Морриган:
Любовь — это слабость. Любовь — это рак, который разрастается внутри человека и принуждает его делать глупости. Любовь — это смерть. Любовь, о которой ты мечтаешь — это то, что для человека важней всего, важней даже самой жизни. Мне такая любовь не ведома. Мне ведома страсть. Уважение равных. Нечто куда более ценное.
Морриган:
Любовь — это плод, который портится, не успев созреть, кислый плод лишь со смутным намёком на прежнюю сладость.
Лелиана, Морриган:
— Тогда мне непонятно, почему он покинул свои творения. По-моему, это чудовищная безответственность.
— Он покинул нас, потому что мы захотели идти собственным путём, пускай даже самим себе во вред, а он не в силах был взирать на это.
— Но откуда тебе это знать? У него самого ведь не спросишь. Быть может, он просто ушёл к новому творению, а старое бросил как удручающую ошибку, о которой лучше забыть.
— Мне не нужно это знать, потому что у меня есть вера. Я верю в него и чувствую его надежду и любовь.

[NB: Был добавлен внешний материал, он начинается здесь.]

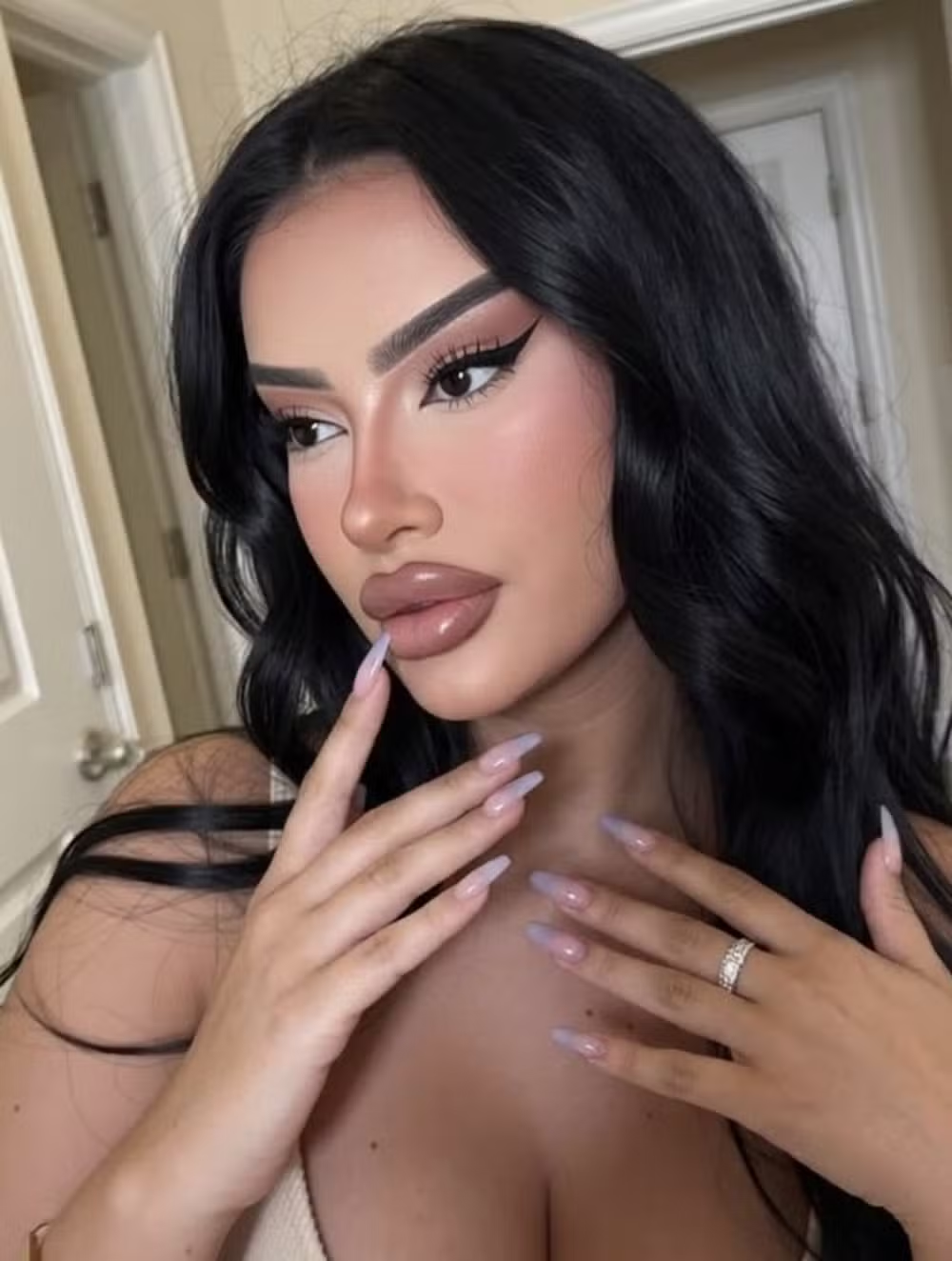 Influenciadora diz que precisou trocar passaporte três vezes após mudanças no rosto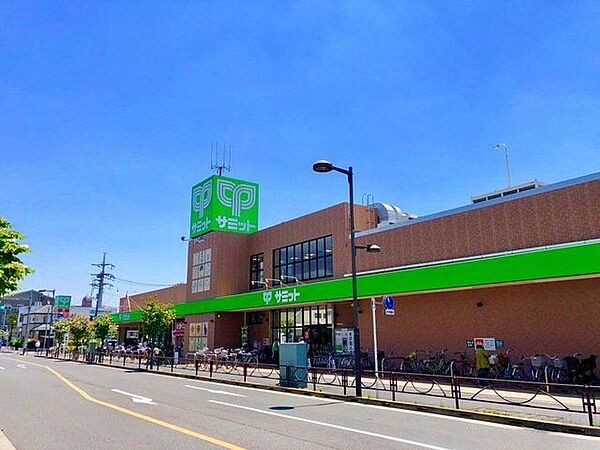 周辺を拡大表示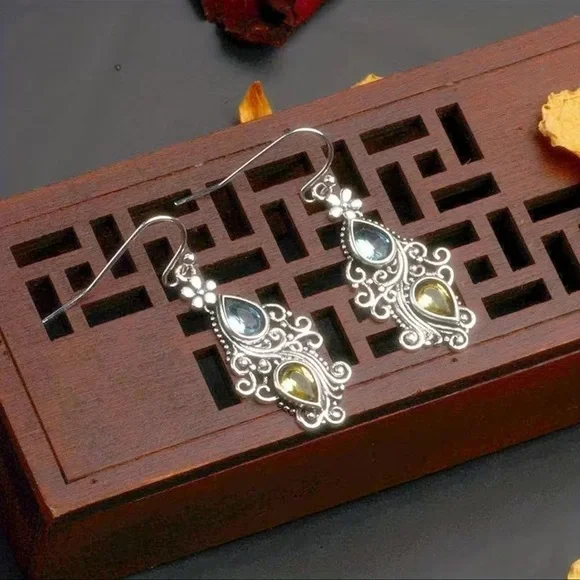 Vintage Silver Floral Gemstone Dangle Boho Earrings Nwt - Picture 4 of 5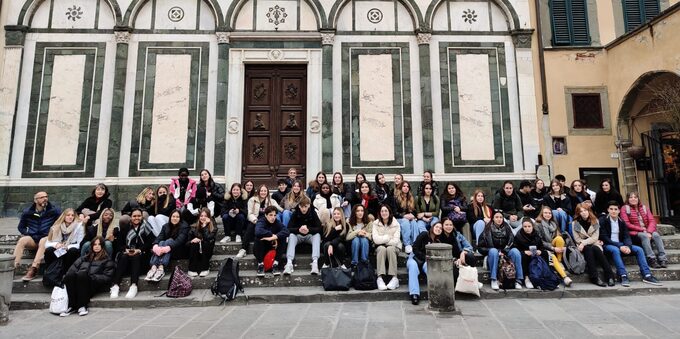Le groupe des élèves Franco-Italien devant la Collegiata Sant'Andrea de Empoli. 
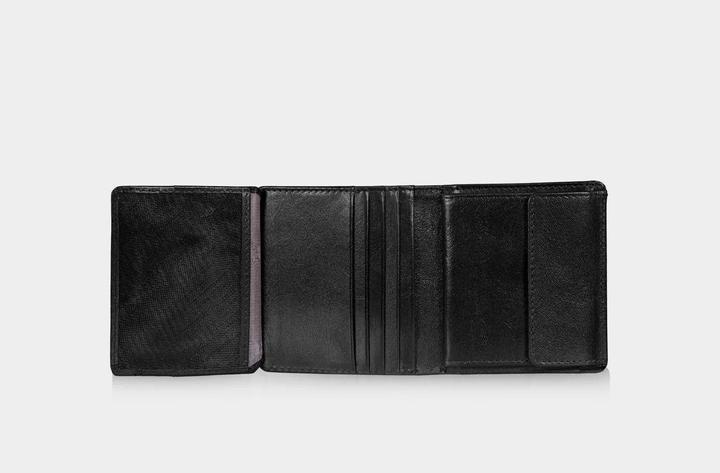 Actual product image Braun Büffel Country Rfid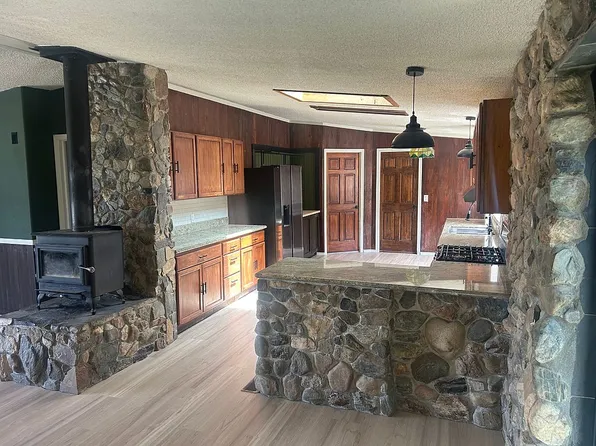 151 Pine Nut Rd, Coleville, CA 96107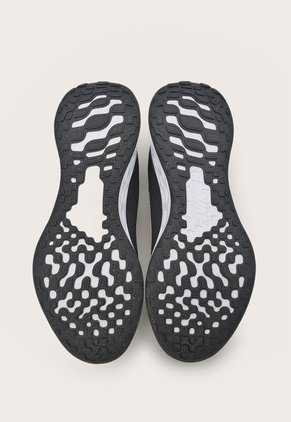 Tenis Running Negro-Blanco Nike Revolution 6 NN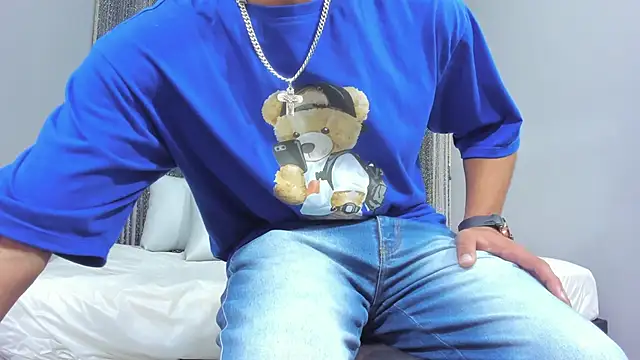 Snapshot of Thiagogomez chatting on March 21, 12:28 pm Thiagogomez online show from March 21, 12:28 pm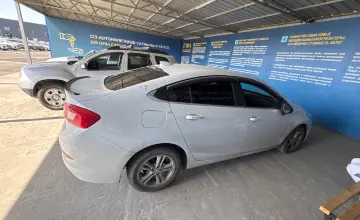 Chevrolet Cruze 2018 года за 5 900 000 тг. в Алматы фото 4
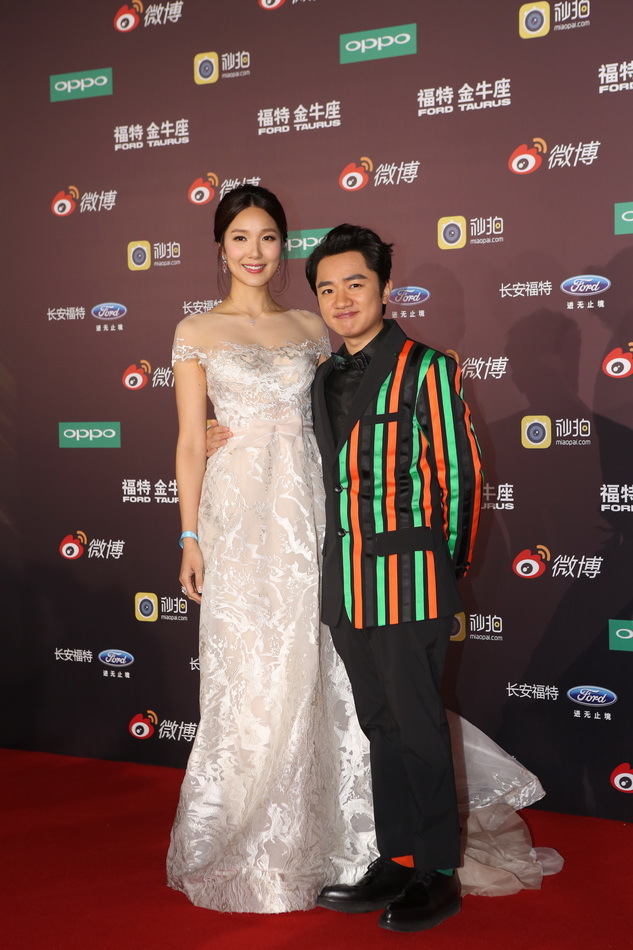 2015新浪微博之夜红毯 王祖蓝携爱妻亮相晒甜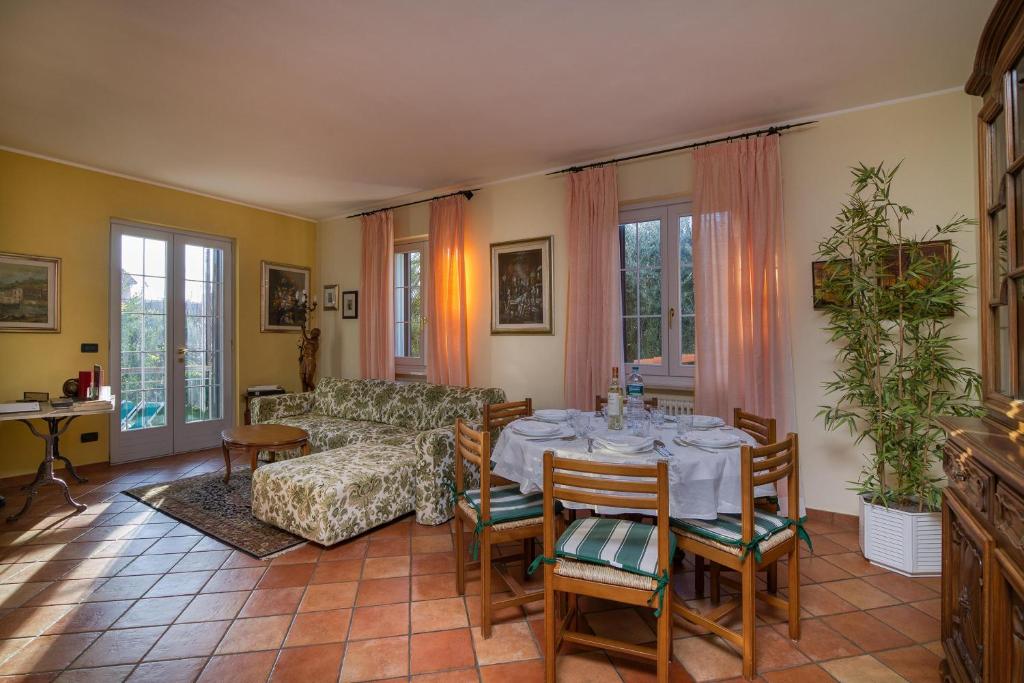Posedenie v ubytovaní La Casetta Sull'Albero 900m from the sea - Happy Rentals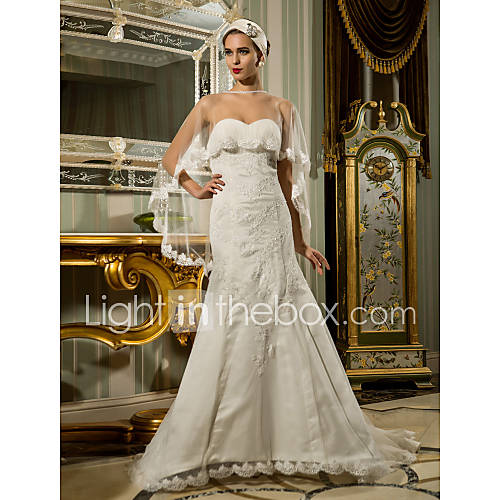 A line Sweetheart Court Train Lace And Organza Wedding Dress (632822)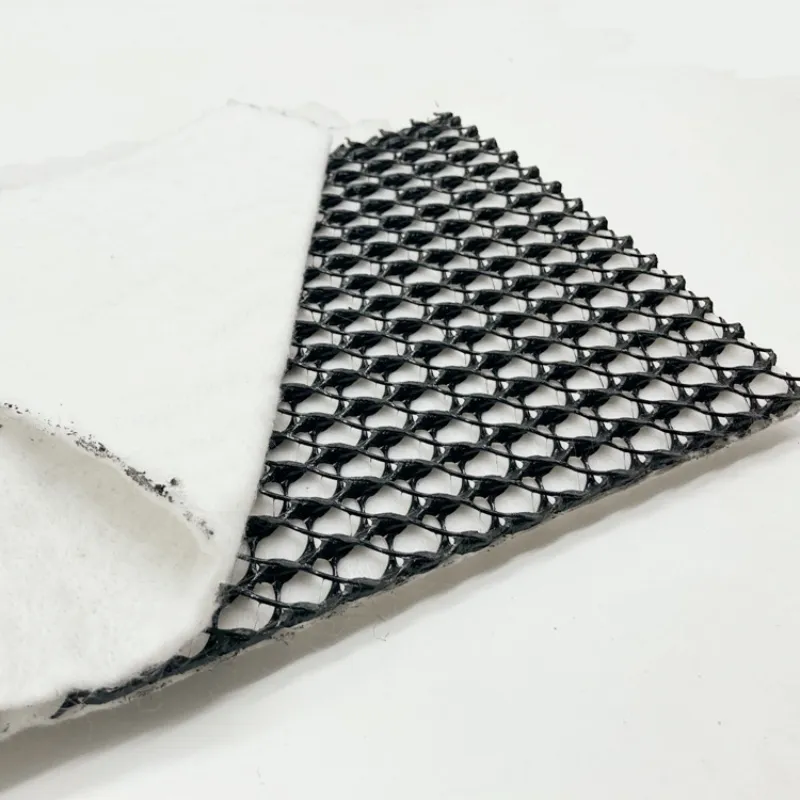 Композитная дренажная сетка для дренажа за подпорными стенами001 (1)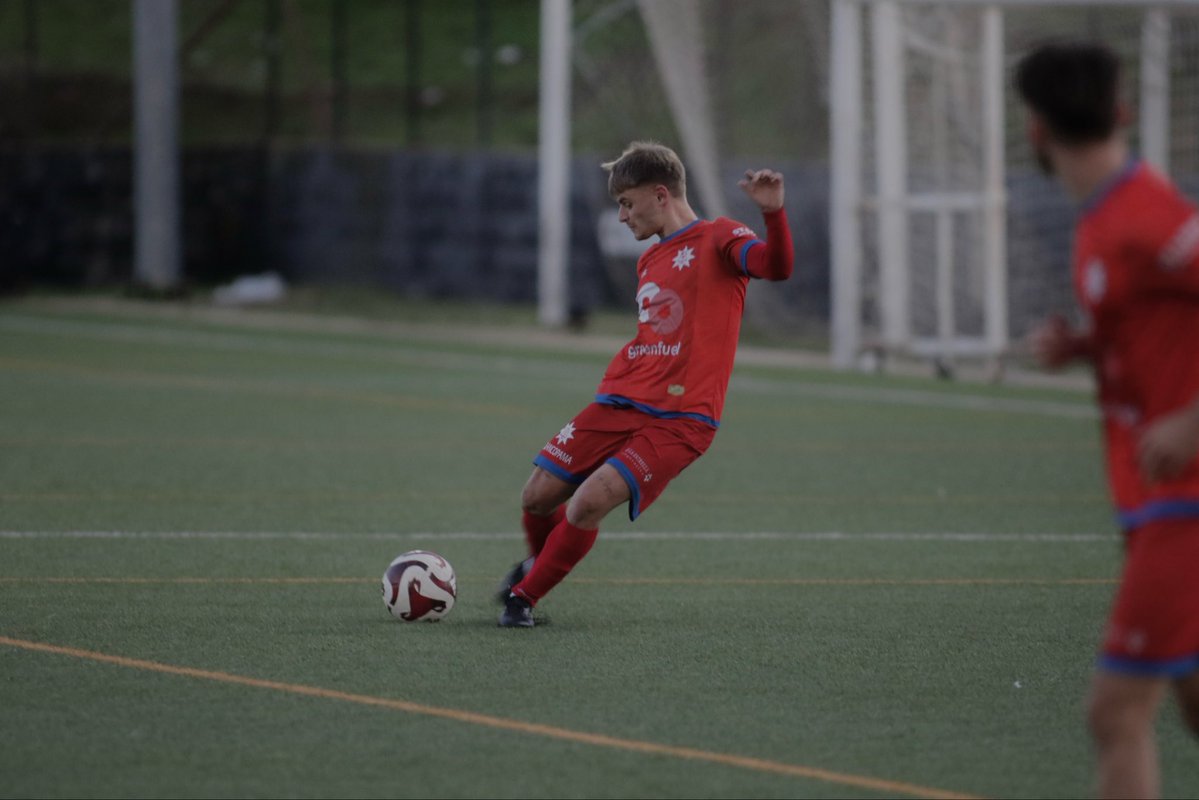 Vuelve el fútbol ! ❤️💪🏻 

Vamos <a href="/UCLaEstrella/">☆ UC LA ESTRELLA ☆</a>  ⚔️
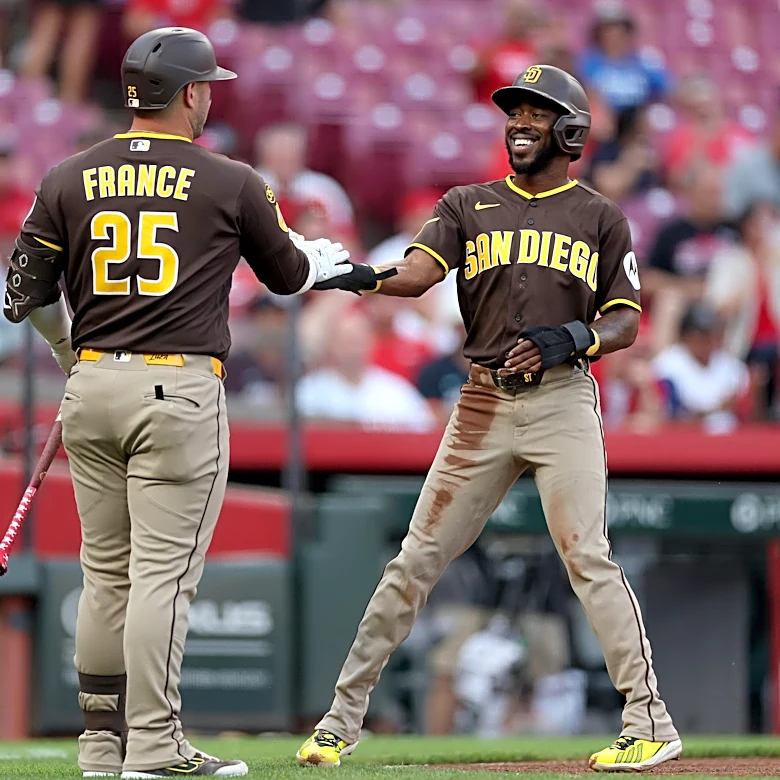 Game 140: San Diego Padres at Cincinnati Reds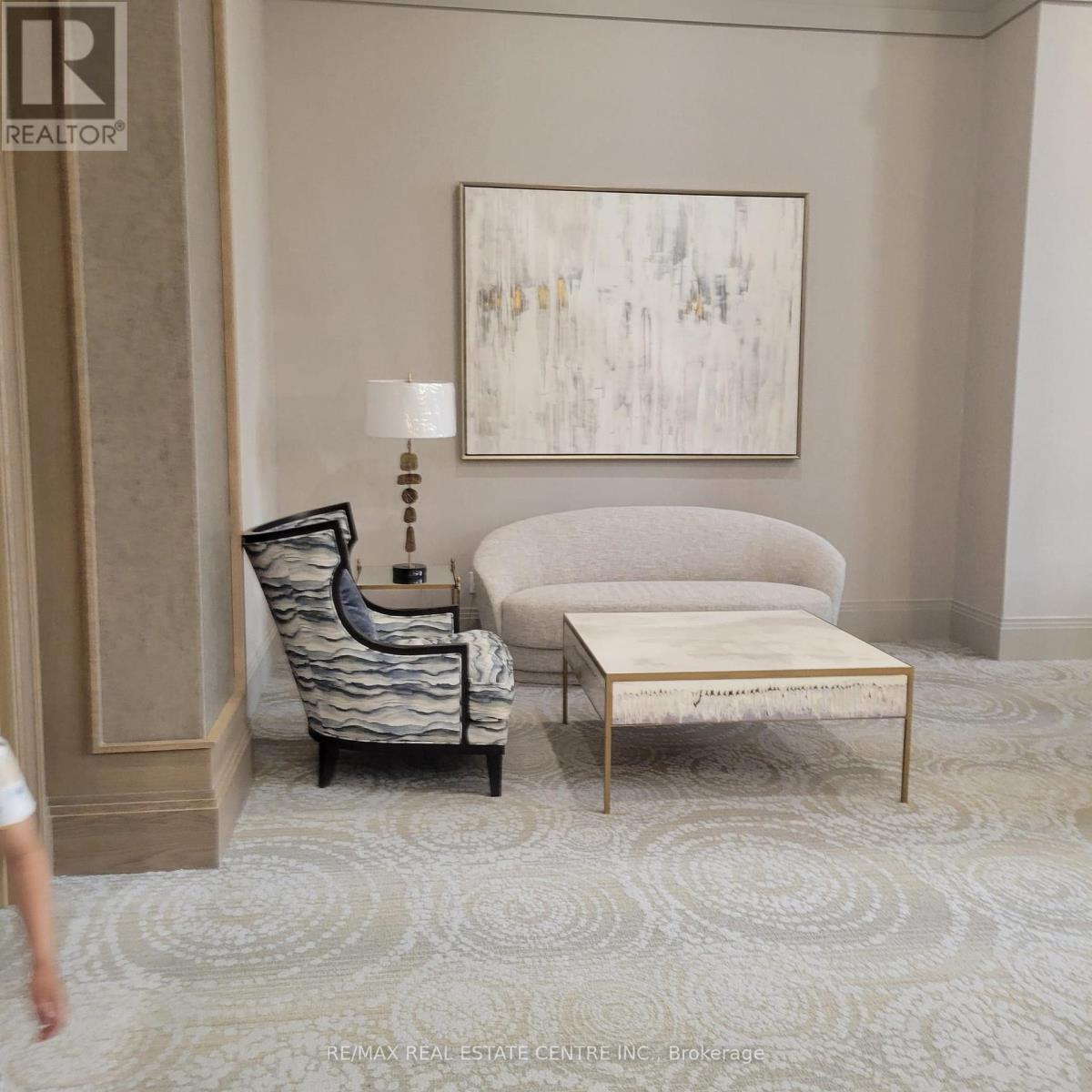 1801 - 30 Elm Drive W, Mississauga, Ontario  L5B 0N6 - Photo 9 - W12841188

— Вера. Как быстро те, кто не может ответить на вопрос, вспоминают это слово.
Морриган, Лелиана:
— Стало быть, всё это лишь игра случая? И то, что мы все оказались здесь — одно только счастливое совпадение?
— Бесполезно и пытаться поставить порядок выше хаоса. Природа по самой своей натуре хаотична.
Морриган, Лелиана:
— Морриган, мне бы хотелось узнать… веришь ли ты в Создателя?
— Конечно, нет. Мне не свойственен примитивный страх перед луной, а потому не приходится верить в сказки, чтобы спать по ночам.
Морриган, Алистер:
— Говорят, когда-то в Ферелдене был король, который так пускал слюнки при мысли о своей обожаемой особе, что при нем постоянно находился особый слуга — утирал его величеству подбородок.
— Ты все это выдумала.
— Вовсе нет. Короли древности были бы рады, что их потомок недалеко ушел от своих благородных корней.
Алистер, Морриган:
— Зарумянился я от страха, что ты высосешь из меня всю кровь после того, как покончишь с ним.
— Алистер, если б мне захотелось что-то у тебя пососать, ты узнал бы об этом первым.
Морриган:
Любовь и красота уходят. Смысла нет в них. Во власти же он есть.